## Work to complete
Could you print the listing again exactly, omitting the pictures?

## Data below
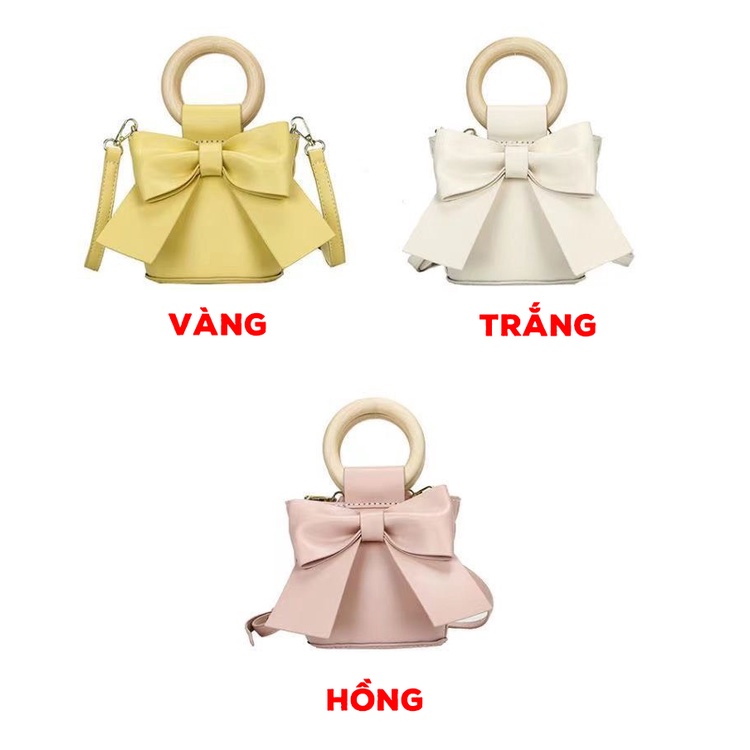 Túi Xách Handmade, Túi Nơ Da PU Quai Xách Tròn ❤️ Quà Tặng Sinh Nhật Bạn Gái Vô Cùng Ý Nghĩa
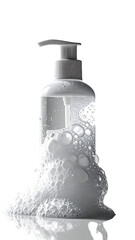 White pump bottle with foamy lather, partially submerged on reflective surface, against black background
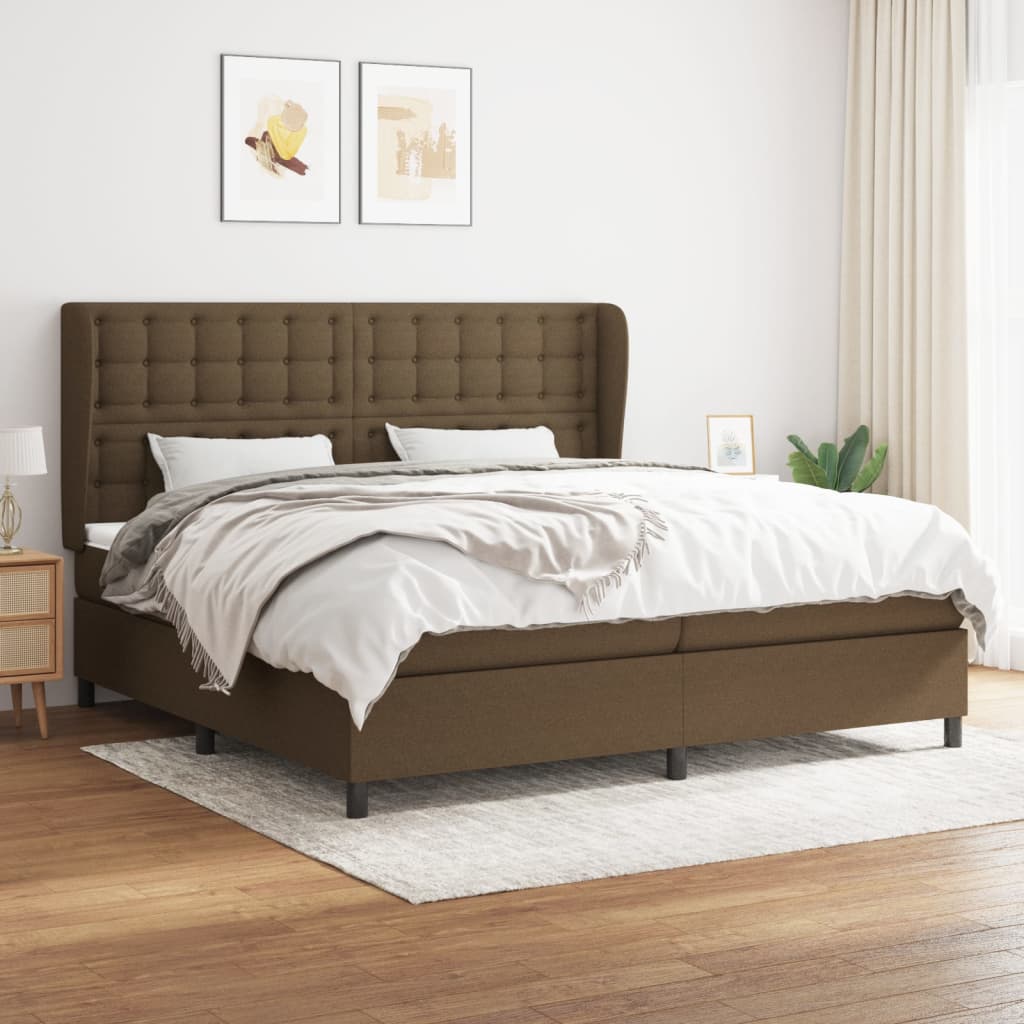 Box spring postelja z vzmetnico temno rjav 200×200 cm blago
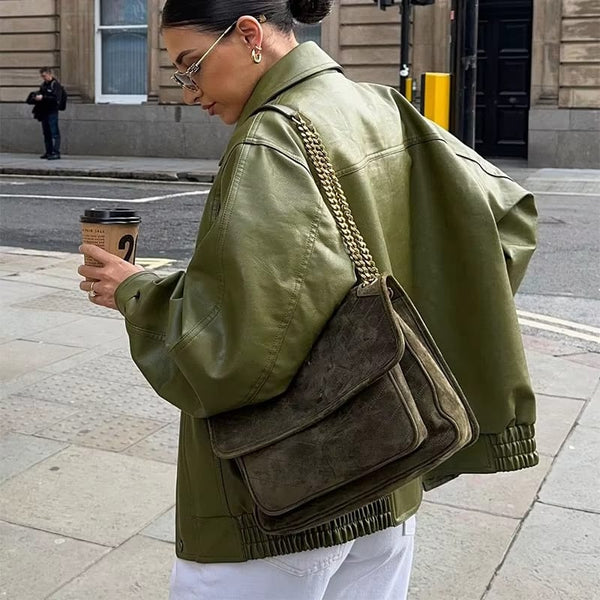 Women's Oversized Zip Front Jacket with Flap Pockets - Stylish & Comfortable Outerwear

## Completed exercise
 Túi Xách Handmade, Túi Nơ Da PU Quai Xách Tròn ❤️ Quà Tặng Sinh Nhật Bạn Gái Vô Cùng Ý Nghĩa
 White pump bottle with foamy lather, partially submerged on reflective surface, against black background
 Box spring postelja z vzmetnico temno rjav 200×200 cm blago
 Women's Oversized Zip Front Jacket with Flap Pockets - Stylish & Comfortable Outerwear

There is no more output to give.